Introduction to NonStop Operations Management

Application Management
Introduction to NonStop Operations Management125507
11-3
Requirements
Events and operator messages. The application should use the Event Management
Service (EMS) to format events and messages in a standard fashion. Make sure that
the application provides the information you need. For example:
Make sure that an event or message is generated whenever a problem occurs.
For example, an event or message should be generated when there is a modem
problem, an application problem, a network problem, a tape problem, and so on.
Messages should contain enough information so that operators can readily
identify the application and component within the application that is causing the
problem. For example, if a server process in a Pathway application is causing a
problem, operator messages should identify both the application and the server
process that is generating the messages.
You might want to create separate console environments for system and
application messages. This can help correlate the causes of problems when they
occur. For example, a communication line going down might generate only one
critical message, whereas the application might generate tens of them. This
arrangement makes it easier to understand the cause-and-effect relationship of
problems.
If you use tokenized events, you might want to require standard tokens and
standard placement of the tokens.
For operator messages, you might want to require standard message formats.

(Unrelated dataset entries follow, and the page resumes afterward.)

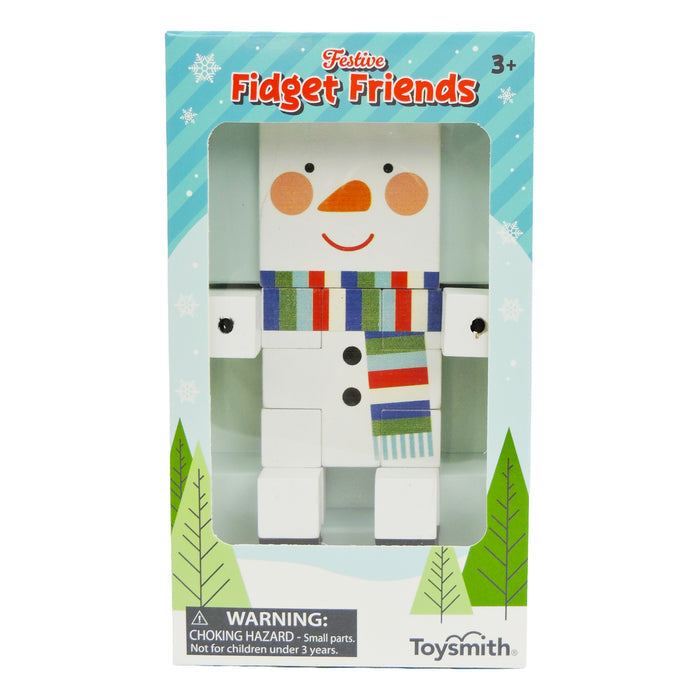 The Toysmith Festive Fidget Friends features a blocky snowman with a striped scarf, orange nose, black buttons, and a cheerful face—perfect stocking stuffer for ages 3+. Box includes choking hazard warning. Brand: Toysmith.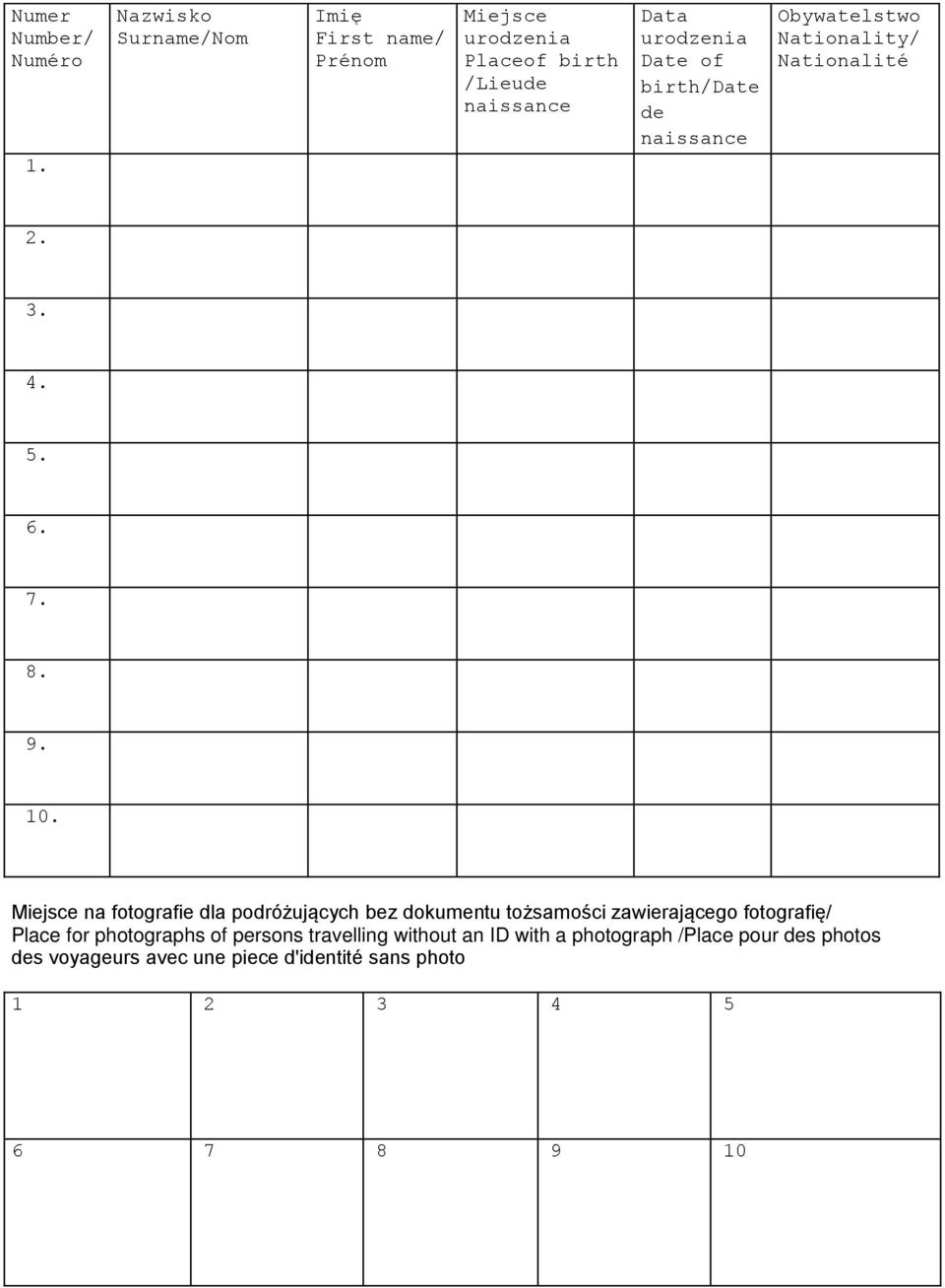 birth/date de naissance Obywatelstwo Nationality/ Nationalité 2. 3. 4. 5. 6. 7. 8. 9. 10.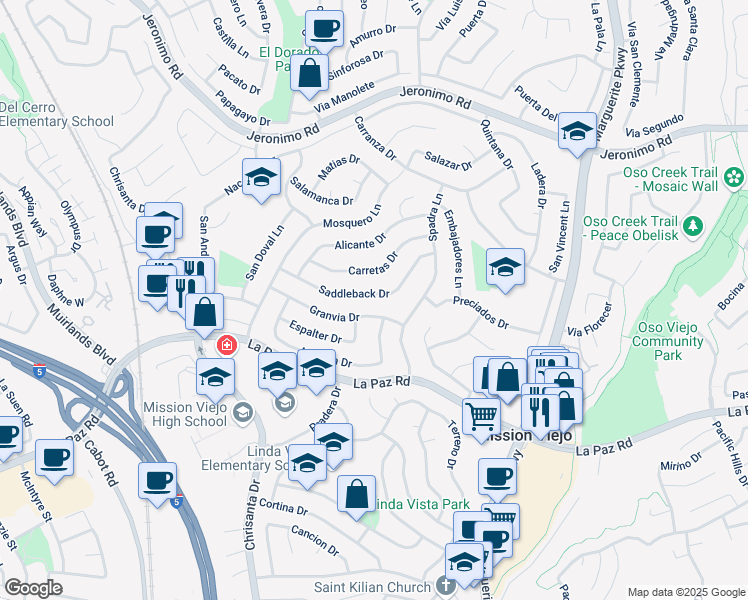 map of restaurants, bars, coffee shops, grocery stores, and more near 26686 Saddleback Drive in Mission Viejo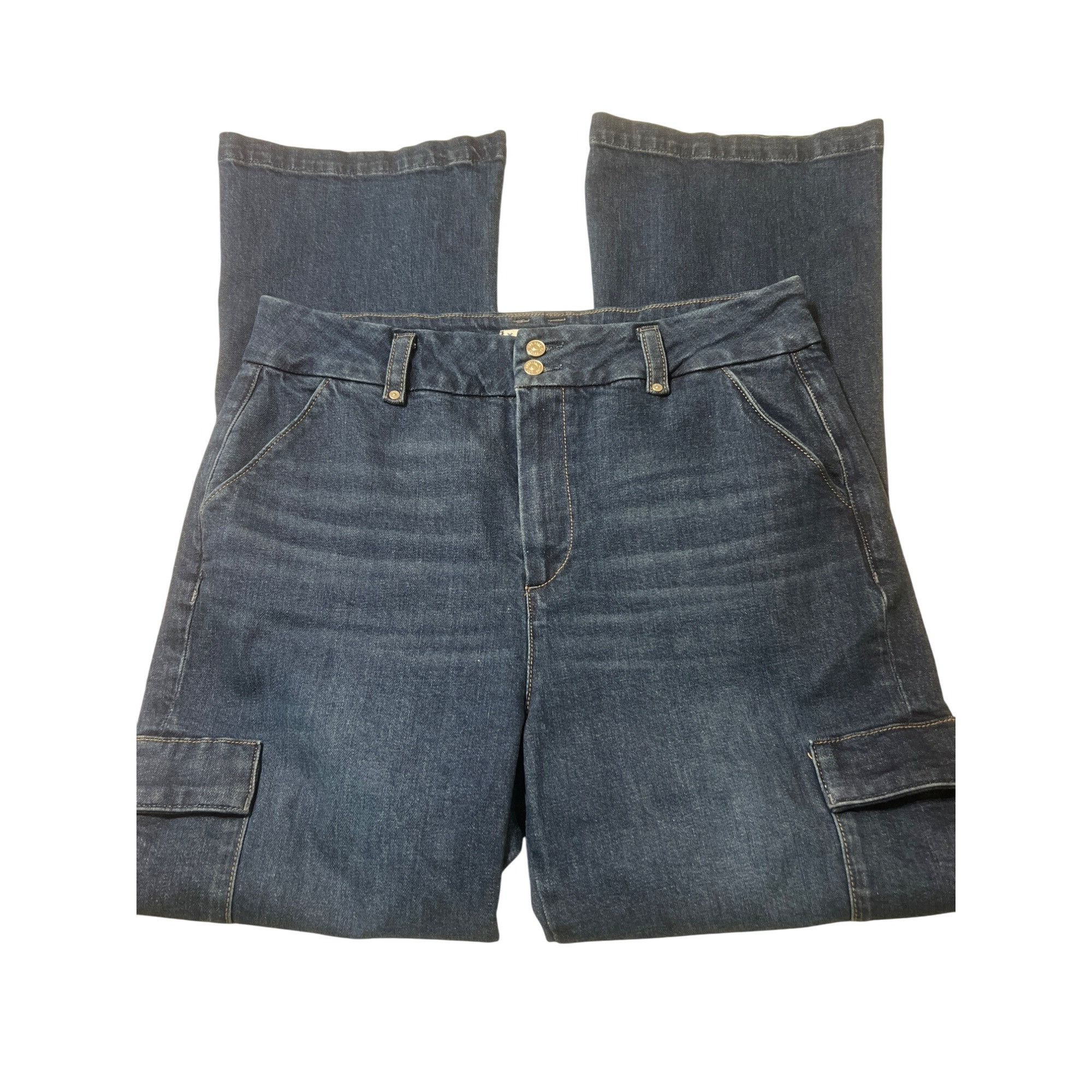 Paige Paige Dion Cargo Pocket Denim Blue Jeans Relaxed Fit Flare L Size 32" / US 10 / IT 46 - 1 Thumbnail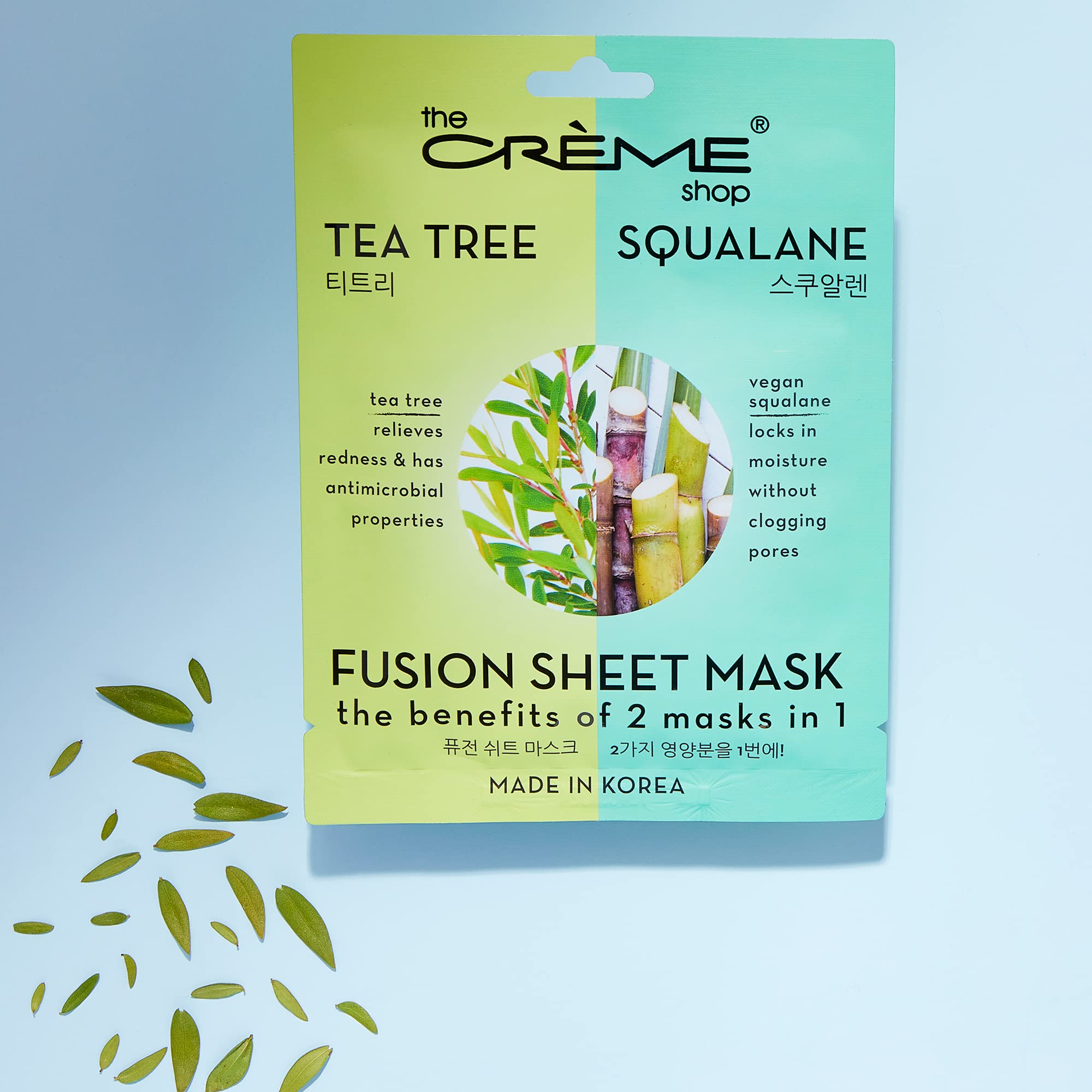 The Crème Shop Tea Tree & Squalane Fusion Sheet Mask - Korean Skincare for Acne-Prone Skin, Vegan Squalane & Hyaluronic Acid Hydrating Face Mask (5 Pack) - Perfect for Deep Cleansing & Soothing Breakouts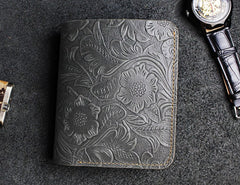 Handmade Leather Floral Mens Cool Slim Leather Wallet Men billfold Wallets Bifold for Men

Determine whether you need message numbers and standard text such as
“WARNING, “ERROR,” or “INFORMATIONAL.” Determine the type of
information your staff needs to solve problems. For example, should the
message list terminal names, user IDs, or system names?
You might want to create EMS event filters to select only events that are critical
or that require action. The filter could search messages for words such as
ERROR, ABENDING, ABORT, and EXCEPTION, and highlight those
messages only.
Make sure that all events and messages are documented. Documentation should
explain the cause of the event or message, the effect, and the required recovery
action.
TSM EMS Event Viewer and NonStop Virtual Hometerm Subsystem (VHS)
usage for system monitoring and event collection. If your organization uses VHS,
make sure the application allows you to use VHS for system monitoring and event
collection. The TSM EMS Event Viewer can display all messages formatted by
EMS. VHS can receive home terminal messages.
Problem escalation procedures. Make sure that your internal application-
development group or the application vendor will provide support when problems
occur. Establish procedures for problem escalation.
Security. Make sure that the application is designed so that the operations staff can
enforce your security policy, audit the application, and perform security
administration tasks.